Da bei abgedunkelter Blende eine Bildbeurteilung auf der Mattscheibe nur erschwert möglich ist, wurde die Offenblendenmessung entwickelt, mit der die am Objektiv vorgewählte Arbeitsblende erst kurz vor der Auslösung des Verschlusses automatisch eingestellt wird. Während der Lichtmessung wird die Korrektur der Blende über eine spezielle Elektronik auf den Belichtungsmesser im Gehäuse übertragen oder es erfolgt eine Messung mit Arbeitsblende. Zur Beurteilung der Schärfentiefe kann die Blende bei einigen Geräten manuell auf den Arbeitsblendenwert geschlossen werden. Zur Beurteilung der Entfernungseinstellung ist dagegen die Offenblende optimal, da bei ihr die Schärfentiefe minimal ist.

Im Kleinbildformat 24 × 36 mm sind nur einäugige Spiegelreflexkameras gebräuchlich, im Mittelformat ab 45x60 mm haben sie die zweiäugigen weitgehend trotz ihrer deutlich höheren Preise verdrängt, weil sie hier vorwiegend im Profibereich eingesetzt werden und sowohl die fehlende Parallaxe als auch die freiere Objektiv- und Zubehörauswahl entscheidend ist.
Digitale Spiegelreflexkameras
Digitale Spiegelreflexkameras decken das obere Preissegment der Digitalkameras ab und wurden anfänglich meist von Berufsfotografen verwendet. Sie werden auch als DSLR oder D-SLR (Digitale-SLR) bezeichnet. DSLRs sind ihren analogen Pendants vom Aufbau her sehr ähnlich, doch statt eines Films beherbergen sie einen Bildsensor (CCD oder CMOS-Element), auf den das Licht fällt, nachdem der Spiegel hochklappt. Durch das eingebaute Display ist ein sofortiges Betrachten der Fotos möglich, wodurch eine missratene oder fehlbelichtete Aufnahme – im Rahmen der Möglichkeiten, die die Qualität des Displays zulässt – sofort erkannt werden kann.
Der Markt der DSLRs hat im Gegensatz zu dem für herkömmliche (kompakte) Digitalkameras auch 2005 noch sehr große Wachstumsaussichten, und so bietet inzwischen fast jeder große Kamerahersteller seine eigenen Modelle an. Wie bei den analogen Spiegelreflexkameras verwenden die Hersteller auch hier ihre eigenen Objektivsysteme, weshalb sich DSLR-Benutzer auf eine Marke und damit auf ein System festlegen müssen. Meistens können jedoch bereits vorhandene Objektive eines Herstellers auch an dessen DSLR verwendet werden, was den Umstieg für Besitzer analoger SLRs besonders interessant macht.

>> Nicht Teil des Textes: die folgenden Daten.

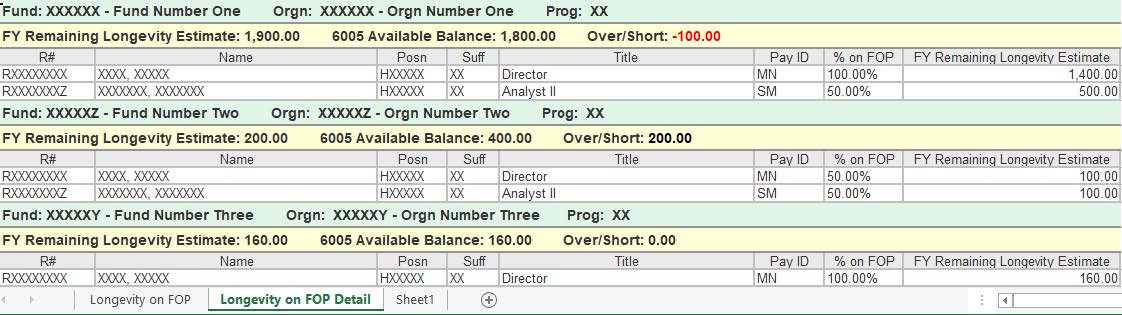 Second Screenshot of the longevity on FOP spreadsheet Second Screenshot of the longevity on FOP spreadsheet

Hauptvorteil der DSLR im Vergleich zu ihren analogen Pendants ist die direkte Verfügbarkeit der Bilddaten, weshalb z. B. im Pressebereich auf die aufwändige und kostspielige Entwicklung von Filmmaterial verzichtet werden kann.
Gegenüber den weit verbreiteten kompakten Digitalkameras haben DSLRs drei wichtige Vorteile:
- Man kann die Objektive auswechseln und somit einen extrem großen Brennweitenbereich abdecken. Objektive sind für Brennweiten von ab 8 mm bis zu 1200 mm erhältlich. An einer Kompaktkamera mit einem einzigen Objektiv entspräche das einem 120-fach Zoom.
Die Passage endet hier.